Exercise directions -> Beneath this line are entries. Copy the range from the line with "Ειχε μπλεξιματα με" to the line with "몽클레어다운자켓 상품이미지4", ends included, exactly; leave pictures out.

Data provided ->
┌──
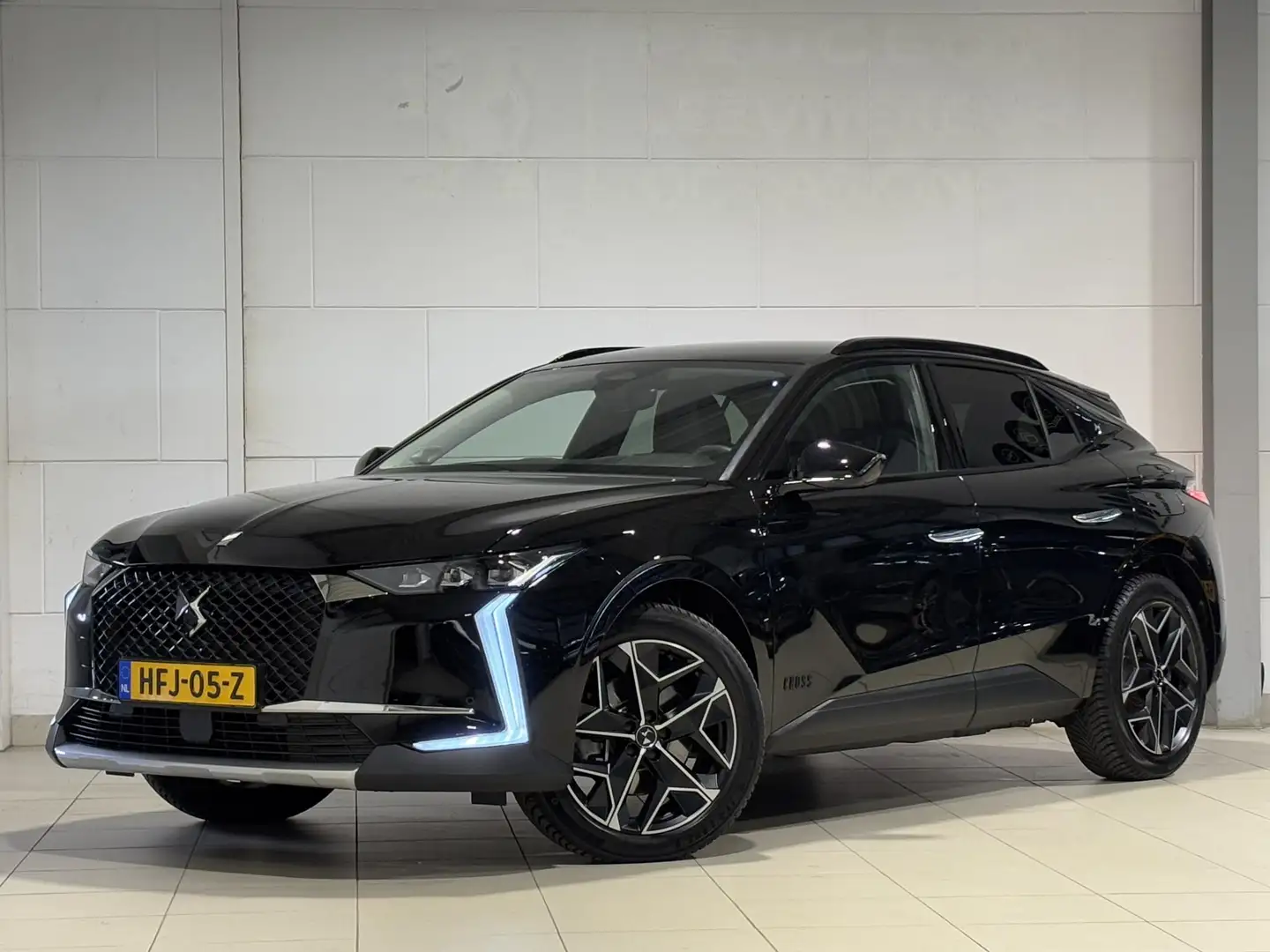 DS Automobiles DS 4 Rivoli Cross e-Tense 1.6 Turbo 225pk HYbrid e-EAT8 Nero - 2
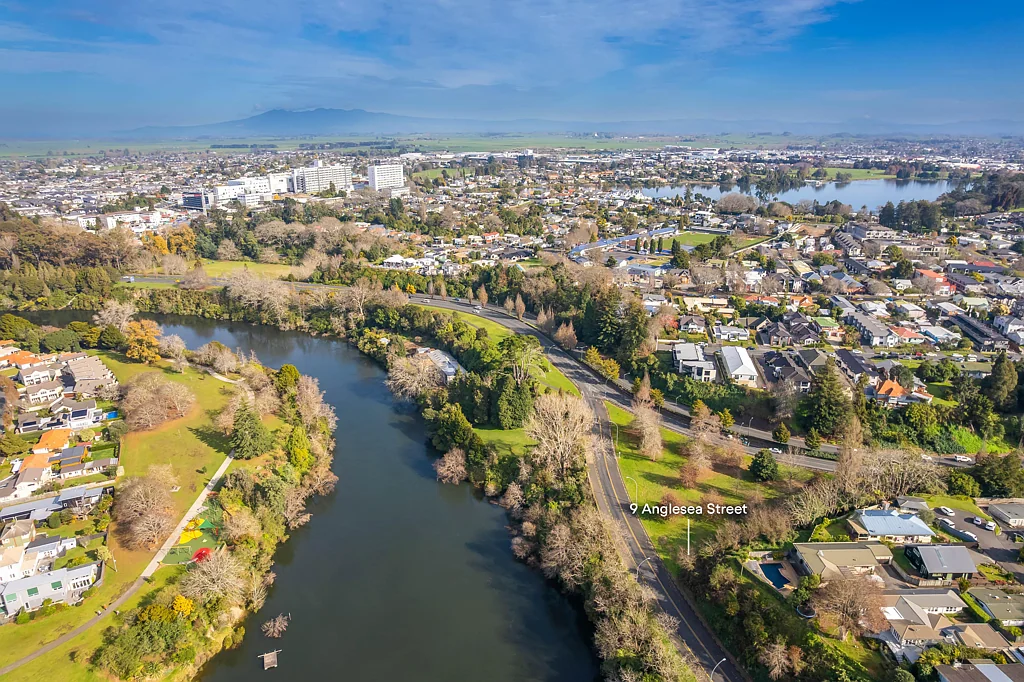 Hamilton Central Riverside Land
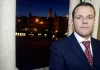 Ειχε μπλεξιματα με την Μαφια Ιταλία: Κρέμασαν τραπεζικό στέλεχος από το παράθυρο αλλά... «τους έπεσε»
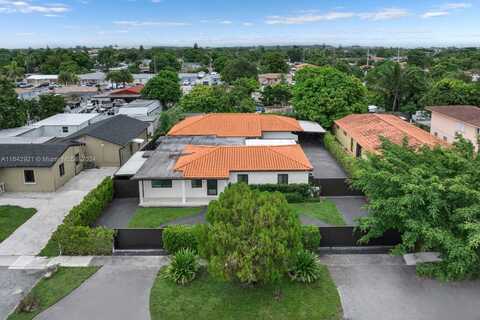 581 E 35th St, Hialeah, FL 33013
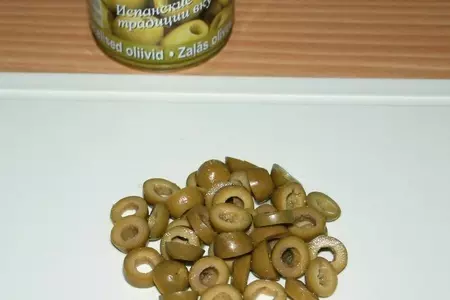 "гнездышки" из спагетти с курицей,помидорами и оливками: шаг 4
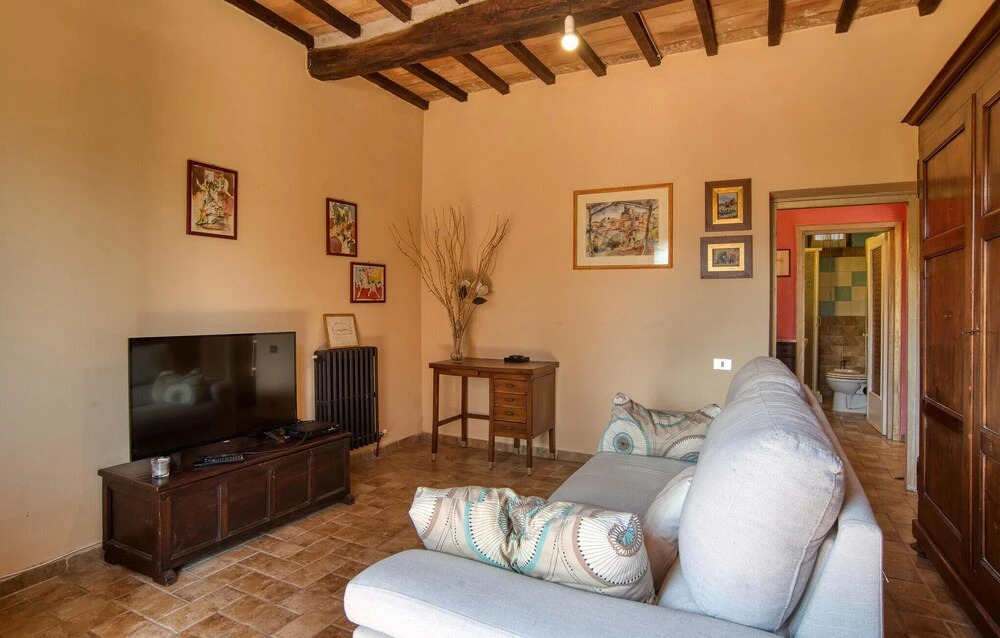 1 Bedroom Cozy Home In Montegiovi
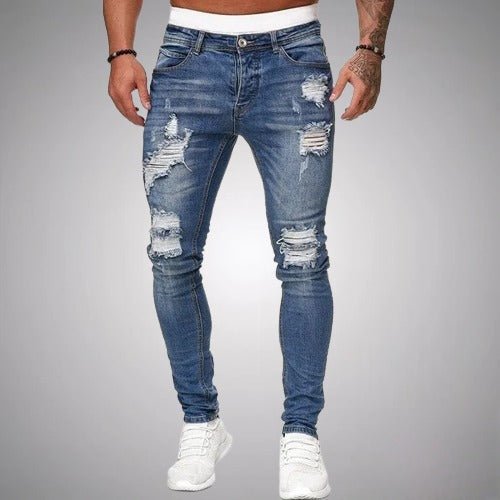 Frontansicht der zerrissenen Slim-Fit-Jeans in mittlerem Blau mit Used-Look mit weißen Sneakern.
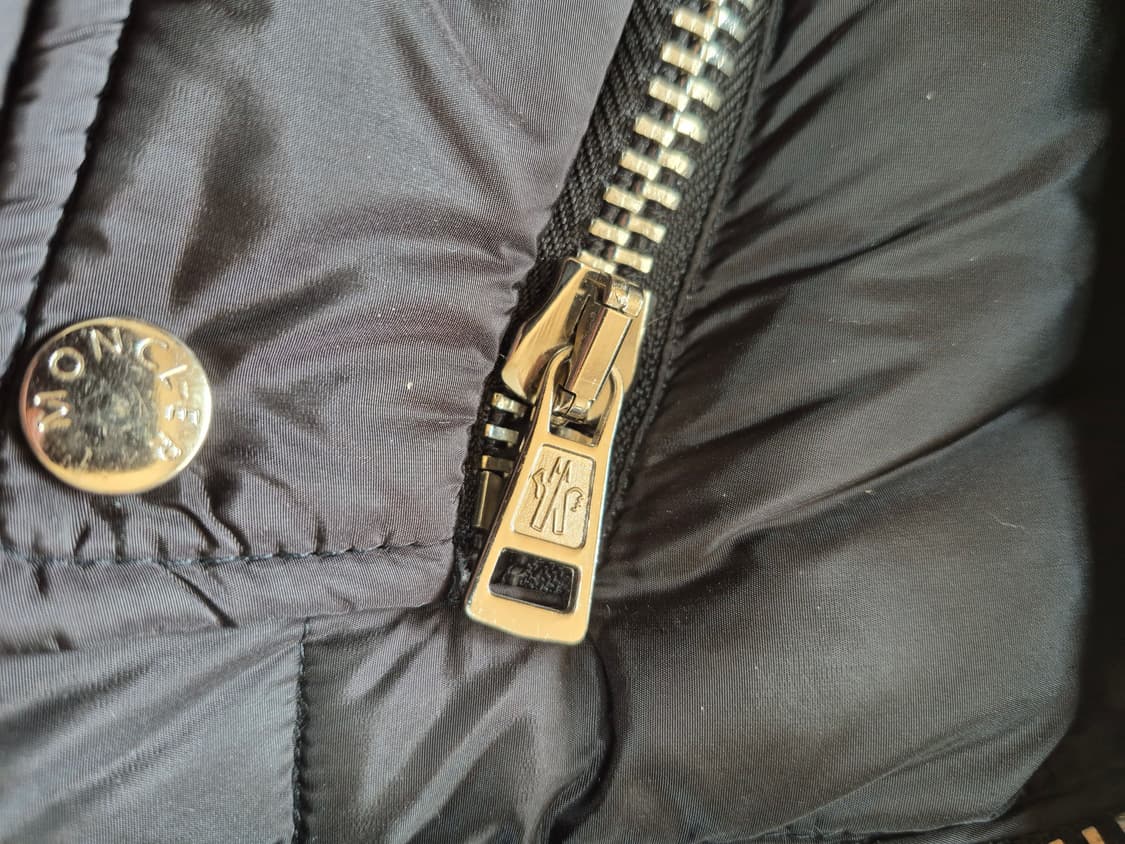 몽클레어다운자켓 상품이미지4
└──
┌──
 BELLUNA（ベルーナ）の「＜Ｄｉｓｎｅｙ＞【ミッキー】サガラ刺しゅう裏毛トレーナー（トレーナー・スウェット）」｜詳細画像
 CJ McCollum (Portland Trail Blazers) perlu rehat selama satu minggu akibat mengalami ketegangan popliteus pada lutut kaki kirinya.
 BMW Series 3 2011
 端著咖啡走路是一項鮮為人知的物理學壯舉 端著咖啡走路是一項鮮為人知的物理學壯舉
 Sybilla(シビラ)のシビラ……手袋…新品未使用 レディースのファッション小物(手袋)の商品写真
└──
Output of the task ->
 Ειχε μπλεξιματα με την Μαφια Ιταλία: Κρέμασαν τραπεζικό στέλεχος από το παράθυρο αλλά... «τους έπεσε»
 581 E 35th St, Hialeah, FL 33013
 "гнездышки" из спагетти с курицей,помидорами и оливками: шаг 4
 1 Bedroom Cozy Home In Montegiovi
 Frontansicht der zerrissenen Slim-Fit-Jeans in mittlerem Blau mit Used-Look mit weißen Sneakern.
 몽클레어다운자켓 상품이미지4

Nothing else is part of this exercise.